What can I say, Pops—you taught me to go for the gold. I didn’t intend for things to get this bad—of course, who plans on getting caught?—but she was a means to an end. She should have known better, frankly. I’ve always been myself, right? Bad boy, in it to win it, getting down to brass tacks, all that. No prisoners, Dad! No anchors, no obstacles, and no worries about collateral damage. How many times in history has a rich woman served as a stepping stone to a man’s greater good? I don’t write the laws of nature, I just go with them.
And she decided to defend herself! Oh my God, as if she went to law school to actually be a lawyer versus doing what she was just supposed to do as a part of that family. With a good lawyer—a real lawyer—I may have been in trouble. Jesus, Dad, I could have gone to jail. The way she began the trial, I have to tell you I thought I was dead. She actually was doing a good job. She had evidence of my financial trail and investments, and she had a series of witnesses, all of them with a reason to want to see me go away for a long time. Then one day, around two weeks ago, she just lost it—fumbling over words, dropping all procedure, pissing the judge off. I don’t know what the hell happened, but I wasn’t complaining. I’m sorry you weren’t there to see it. I know you’re busy.
She got burned, and I’m sorry for that, but think of what I’ll be able to do now. Her dreams were small—mainly concerning me and her—but mine, well you know me. I want the damn moon and the stars and even the planets. Now I can make it happen. Zakim Bridge? Watch them rename it the Jeff Turkin Memorial Bridge when I’m done.
I have money, I have desire, and I have no more baggage. Now I just have to get myself another wife, but this time for looks, sex, and kids. Am I right, Dad?
The bastard ruined me, completely. On September 2, 2010 in the year of oh my lord, I submit to you that I am ruined. My three shames in this matter are that A) I put myself in a position to be ruined, B) I let him know he ruined me, and C) I almost ruined my final victory. Right there in court, like anyone cared, or like it would change the outcome of the ruling: “You ruined me!” I yelled, the final nail in the coffin holding my pride.
Before I go further, I want to let you know that this will be my last session with you. It’s not personal, but I’ve found my own means of healing myself. Please don’t charge me for next Tuesday’s appointment, even though it’s less than a week before cancelling. I could use the money.
So anyway, my emotion took me over. What pisses me off is that I had planned my exit. I mean, two weeks earlier I had a revelation that changed my whole approach to the case. He assumes I fell apart because of emotion. That’s how stupid he is—he always assumes he’s smarter than the rest. He’s quite dumb. But he’s hot. And I wanted him. And I loved him. Whether or not I actually loved him, I believed I did. Belief is stronger than actuality, no matter how much we learn. I knew he was a lousy person, but lousy people that look like him are great in bed. Sometimes we just want what feels good.

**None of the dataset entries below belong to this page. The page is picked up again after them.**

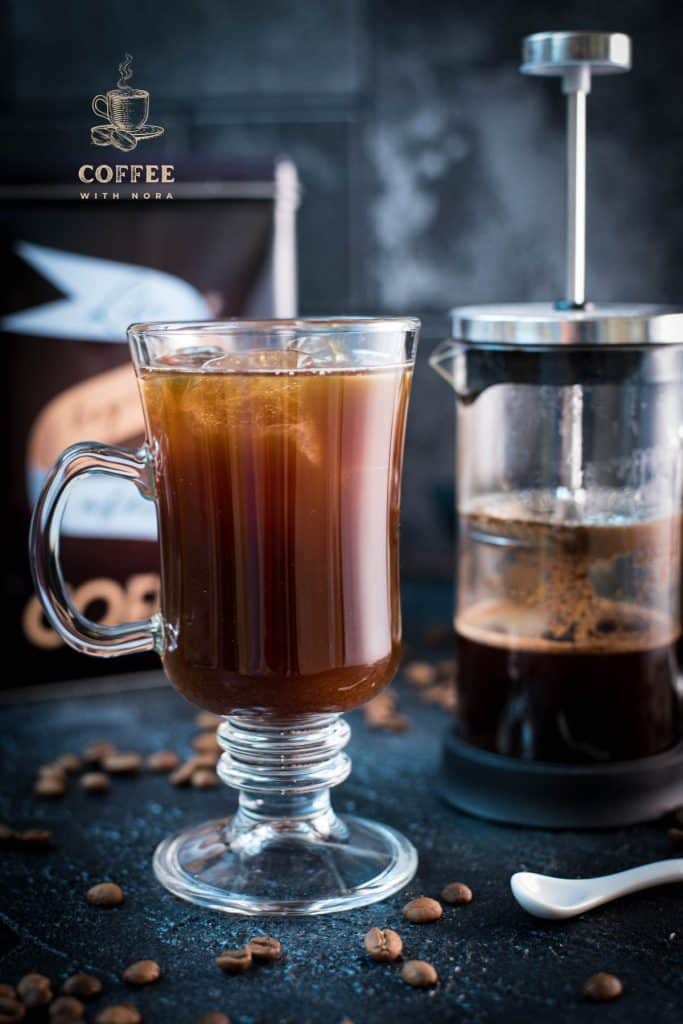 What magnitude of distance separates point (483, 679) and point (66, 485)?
40cm

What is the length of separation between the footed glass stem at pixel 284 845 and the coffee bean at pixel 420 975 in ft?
0.38

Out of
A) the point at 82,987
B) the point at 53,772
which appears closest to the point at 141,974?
the point at 82,987

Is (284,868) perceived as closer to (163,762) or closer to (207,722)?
(163,762)

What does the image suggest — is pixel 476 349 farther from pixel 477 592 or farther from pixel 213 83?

I would have stayed with him for life, you know. He gave me nothing intellectually or emotionally, but he was wonderful to be with in society, and he was wonderful naked. I’m no complex person—I’m happy enough with the basics. I didn’t even need all of my money. But I needed some of it. I needed a little bit of it. It’s hard to enjoy sex or a party when you can’t pay your bills, like a regular person. I’m not regular. I wasn’t supposed to be anyway. That’s my crime: letting myself becoming more irregular.
Shame on me for not growing up fast enough, or thinking too highly of my looks. Belief is stronger than actuality for self-observation as well. What horrible suffering I’ve gone through to learn that. I know this now, and I am controlled and together because of it, but even then, at the beginnings of my period of triumph, my emotions almost ruined everything. Imagine, I have the final say, the long-term say, but my child-like anger comes out of nowhere. This happens when you live a pretend life in a real existence.
He was right about that—I wasn’t a real person. His downfall in the end is that he thinks that this experience has made me a real person. This experience is nothing compared to what I learned for certain on August 20, 2010, with no room for escape or justification. At this point in my life, that is the best day of my life, because that was my first day of clarity and improvement. That’s my beginning of actuality. God bless.
He’s over, and he doesn’t know it. But let me be clear about why this matters, and I will say goodbye to you forever (good riddance, to be honest. The benefit of talking with you pales with the loss of every Tuesday and Thursday night and $260 a session). My victory is not in that he now has HIV, which is great. It’s not even that he doesn’t yet realize it, which is better. It’s that when he does go to the doctor in 5 or 10 years (because he’ll wait that long to feel he must go to a doctor…oh, men), he’ll think that he gave it to me.
Not the other way around.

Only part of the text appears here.